Why Ava DuVernay is a 'different person' after directing “Origin”
The filmmaker previews her new movie, starring Aunjanue Ellis-Taylor as Pulitzer Prize-winning author Isabel Wilkerson.
Ava DuVernay was frustrated.
The Selma director and When They See Us creator had just read Isabel Wilkerson's bestseller Caste: The Origins of Our Discontents for the second time following its huge release in the summer of 2020 but, as she tells EW, "still didn't understand it, really."
The next read, though, proved that popular idiom true: "It really started to sink in. I thought, This is information that people should know, and I should make a movie about it."
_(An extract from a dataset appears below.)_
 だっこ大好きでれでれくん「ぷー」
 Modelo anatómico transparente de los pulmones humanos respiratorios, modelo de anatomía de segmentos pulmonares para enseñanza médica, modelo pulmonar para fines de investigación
In her book, Wilkerson examines how it's not race or class systems that have, throughout history and to this day, oppressed people and cultures around the world but rather a caste system — made of up eight pillars — that ranks humans and their importance to each other. "I was really taken by the interconnectedness of all of these things that we feel are very separate in terms of a cultural phenomenon that keeps us apart," DuVernay says, "and the idea that, wow, the undergirding, the foundation of it all is the same."
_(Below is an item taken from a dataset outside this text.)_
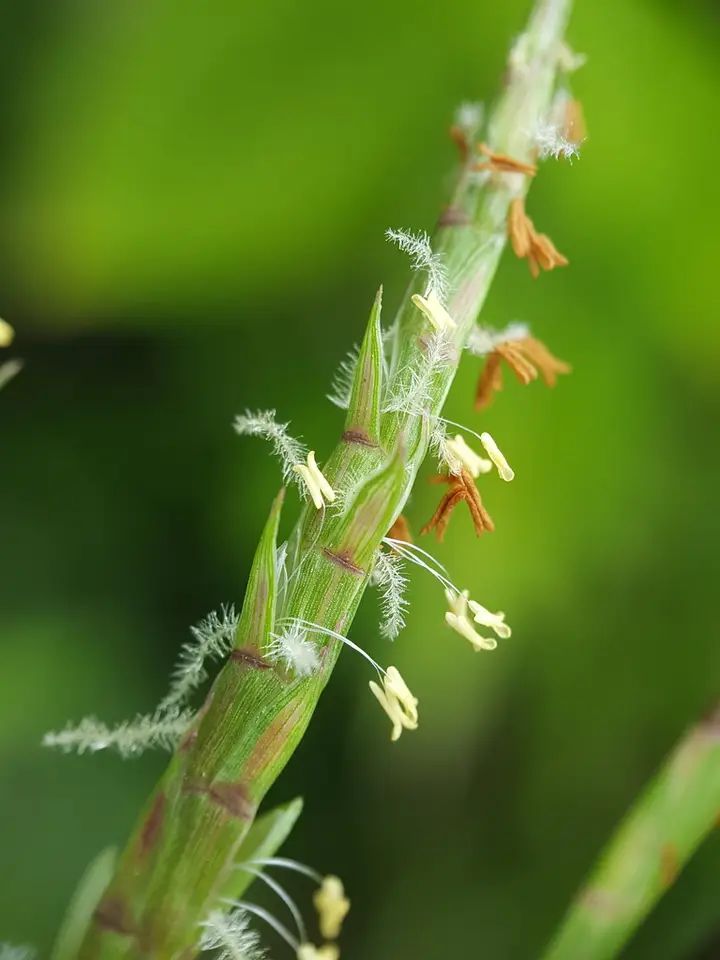 Limpograss (Hemarthria altissima)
Given the book's topic, she then faced a big question: "How do you communicate that in a way that's emotional, that's cinematic?" Wilkerson's book, after all, isn't fiction; it's a fact-based exploration of how the experiences of people of color in America are directly related to the caste systems in Nazi Germany and India. The book, in essence, comes to life thanks to Wilkerson's research in those countries (DuVernay & Co. filmed Origin in three countries in 37 days) with period-piece flashbacks.
Separately, though, there was the issue of finding a lead character. "There's so many stories in the book, it was impossible," DuVernay says of trying to find the right POV. "But who is in the book and who's very clearly guiding the way is Isabel."
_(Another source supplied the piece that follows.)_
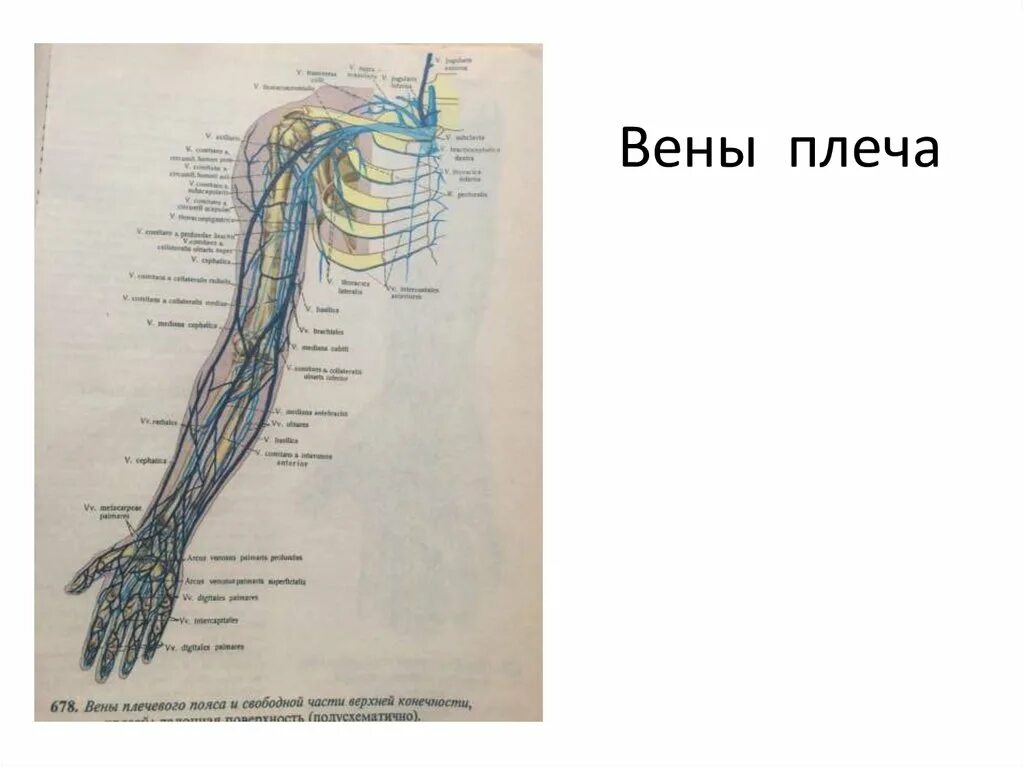 Вены верхней конечности. Вены верхней конечности анатомия. Плечевая Вена анатомия. Вены верхней конечности схема.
Fortunately, it didn't take much to convince the author to share her own journey of writing the book, a period of time that included the deaths of several people very close to her.
"I had heard about her losses and was...amazed by it — I don't use that word lightly — by the ability of someone who's endured that much loss to create genius work," DeVernay says. "And so I was very interested in that, and I shared that with her.... She was gracious in allowing me to interpret her book and interpret the stories that she told me about her life and her family."
Helping bring the story to life is Aunjanue Ellis-Taylor, Oscar-nominated for her work in King Richard (Jon Bernthal, her costar in that movie, here portrays Isabel's husband, Brett) and who previously worked with DuVernay on When They See Us. The decision to cast her was an easy one.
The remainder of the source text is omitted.